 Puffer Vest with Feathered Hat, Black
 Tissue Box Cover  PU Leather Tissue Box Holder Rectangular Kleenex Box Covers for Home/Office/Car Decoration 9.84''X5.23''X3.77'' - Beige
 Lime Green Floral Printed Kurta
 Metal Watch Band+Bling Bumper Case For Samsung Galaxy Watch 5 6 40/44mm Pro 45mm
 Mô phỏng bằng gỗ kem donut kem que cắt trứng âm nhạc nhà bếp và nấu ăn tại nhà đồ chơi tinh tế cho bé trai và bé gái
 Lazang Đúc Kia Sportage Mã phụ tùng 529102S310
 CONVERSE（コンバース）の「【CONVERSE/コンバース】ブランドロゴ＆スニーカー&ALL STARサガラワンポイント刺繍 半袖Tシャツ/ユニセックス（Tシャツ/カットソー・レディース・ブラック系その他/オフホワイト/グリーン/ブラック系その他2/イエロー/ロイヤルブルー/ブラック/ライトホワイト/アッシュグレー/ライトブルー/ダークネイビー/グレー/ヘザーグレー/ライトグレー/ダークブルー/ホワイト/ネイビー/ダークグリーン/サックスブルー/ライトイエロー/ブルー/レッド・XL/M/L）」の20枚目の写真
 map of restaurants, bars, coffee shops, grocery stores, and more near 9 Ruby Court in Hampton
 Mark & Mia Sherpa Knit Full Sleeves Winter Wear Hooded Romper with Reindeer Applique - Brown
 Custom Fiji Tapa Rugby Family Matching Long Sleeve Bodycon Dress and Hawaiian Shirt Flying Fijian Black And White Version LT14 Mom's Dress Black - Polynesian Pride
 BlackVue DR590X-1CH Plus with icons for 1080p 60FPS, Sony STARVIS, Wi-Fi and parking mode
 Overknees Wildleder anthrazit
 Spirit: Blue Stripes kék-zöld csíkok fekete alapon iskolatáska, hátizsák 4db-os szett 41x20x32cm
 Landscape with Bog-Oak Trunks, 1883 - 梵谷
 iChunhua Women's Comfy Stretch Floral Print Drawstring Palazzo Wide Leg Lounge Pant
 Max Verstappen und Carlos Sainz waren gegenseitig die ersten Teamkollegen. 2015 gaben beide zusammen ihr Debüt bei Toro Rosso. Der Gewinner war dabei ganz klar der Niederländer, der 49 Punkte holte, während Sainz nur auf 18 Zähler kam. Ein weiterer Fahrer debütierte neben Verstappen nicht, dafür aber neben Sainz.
______________________________
YOUR TASK => To answer, copy each line from the material above that has the word "Floral".

RESULT BELOW =>
 Lime Green Floral Printed Kurta
 iChunhua Women's Comfy Stretch Floral Print Drawstring Palazzo Wide Leg Lounge Pant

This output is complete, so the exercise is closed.